Office

HTTP Connection Reuse for LLM Inference

How HTTP connection reuse affects LLM inference throughput and time to first token, plus verification steps and failure modes.

Published: 2026-01-01 · Last updated: 2026-01-01

HTTP connection reuse reduces avoidable connection setup overhead (TCP/TLS handshakes, slow-start effects, and tail variance) and stabilizes time-to-first-token. It matters for throughput because concurrency controls only work when requests can be admitted and start streaming without repeatedly paying a high-variance setup cost.

Mechanism

Connection setup is not “free,” and it is not constant:

  • TCP establishment and TLS negotiation add latency and variability (packet loss, retransmits, and path changes show up as tail).
  • New connections often start with conservative congestion windows; short bursts can be slower than steady-state flows.
  • Load balancers and NATs impose idle timeouts; if you churn connections, you amplify these effects.

For streaming LLM inference (SSE), the control-plane interval that usually benefits is t_first_token:

  • t_first_token = first_token_at - admitted_at
  • When you reuse a warm connection, the portion of t_first_token attributable to connection setup (t_conn) should shrink.

“Correct reuse” is operational, not conceptual:

  • Single long-lived client per process (or per worker), not instantiated per request.
  • Pooling enabled and sized: max idle connections, max total connections, and per-host limits.
  • Clean stream closure: when the SSE stream ends, the response body must be fully closed so the connection returns to the pool.
  • Stable host selection: if you spray requests across many hostnames or disable keep-alive at the proxy, reuse rate will be low regardless of client code.

Configuration is part of correctness. Keep-alive idle timeouts, per-host pool limits, and connect/read/total timeouts must be aligned with intermediaries (LBs, NATs, corporate proxies). Misalignment looks like “reuse works in dev” but collapses under real load into reconnect churn and TTFT variance.

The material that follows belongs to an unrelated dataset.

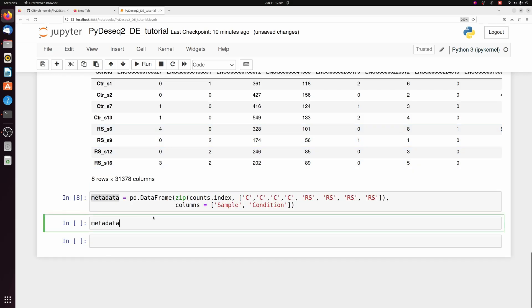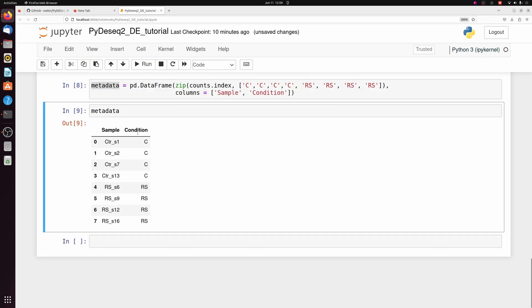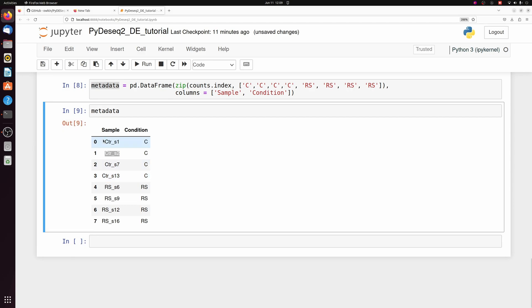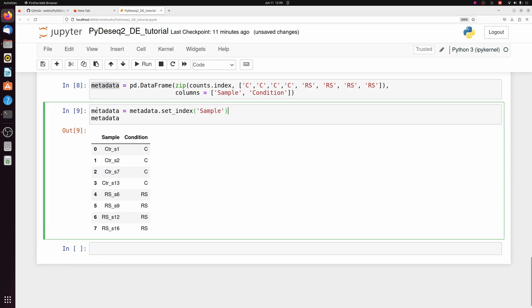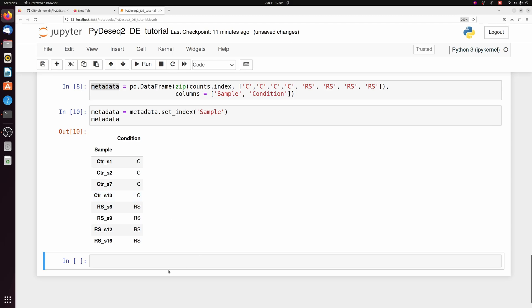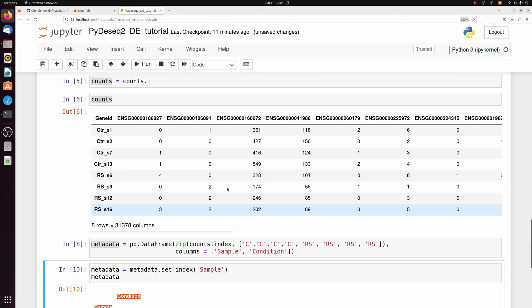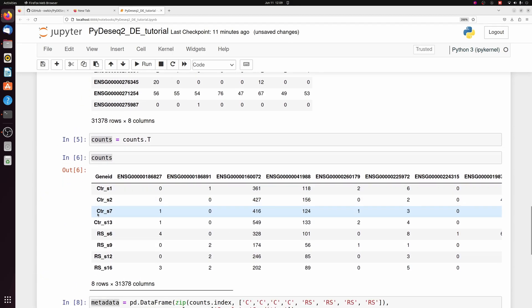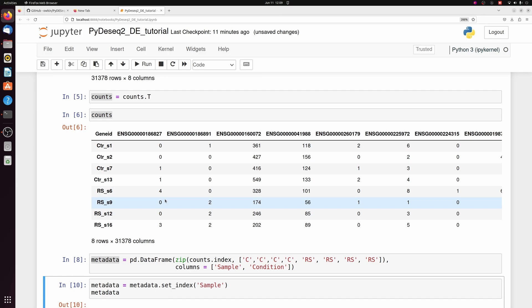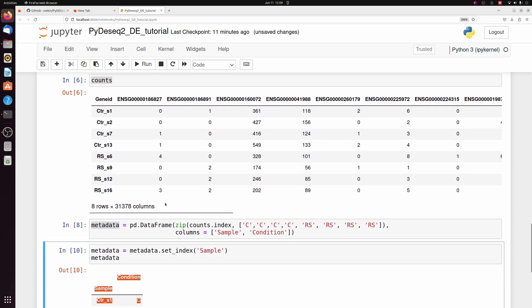So we just have this simple data frame. I'm just going to call this metadata. If you had a batch or other variables, you could just add more columns here. But anyway, we need to set the sample column as the index, just like we did for the counts. So now our sample table is ready. So we have our sample metadata, and we have our counts table. We can now do differential expression.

HTTP/2 is not a magic flag. It helps when:

  • you maintain a small number of long-lived connections
  • you actually have concurrent streams to multiplex

If you enable HTTP/2 but still create a new client/connection per request, you will see the costs of churn without the benefits of multiplexing.

Common failure modes

  • Client instantiated per call: new session objects disable pooling by construction.
  • Leaked responses: failing to close the SSE stream keeps sockets occupied; the pool cannot reuse them and will open new ones under load.
  • Keep-alive defeated by proxies: some reverse proxies close upstream connections aggressively; the client thinks it is reusing but the upstream is not.
  • Idle timeouts and reconnect storms: long-running streams can be cut by intermediaries; if reconnect logic has no backoff/budget, reconnect storms look like “random TTFT spikes.”
  • Mixed DNS and hostnames: different hostnames (or frequently changing endpoints) fragment the pool and reduce reuse.

How to verify

Minimum measurements:

  • new_connections_per_success: count new TCP/TLS sessions opened per successful completion.
  • p95(t_first_token) and p95(t_conn) (if you can instrument connection setup time separately).
  • Pool stats, if available (active/idle connections; reuse rate; per-host connection counts).
  • When possible, measure at both the client process and the proxy/LB layer; one layer can hide churn in another.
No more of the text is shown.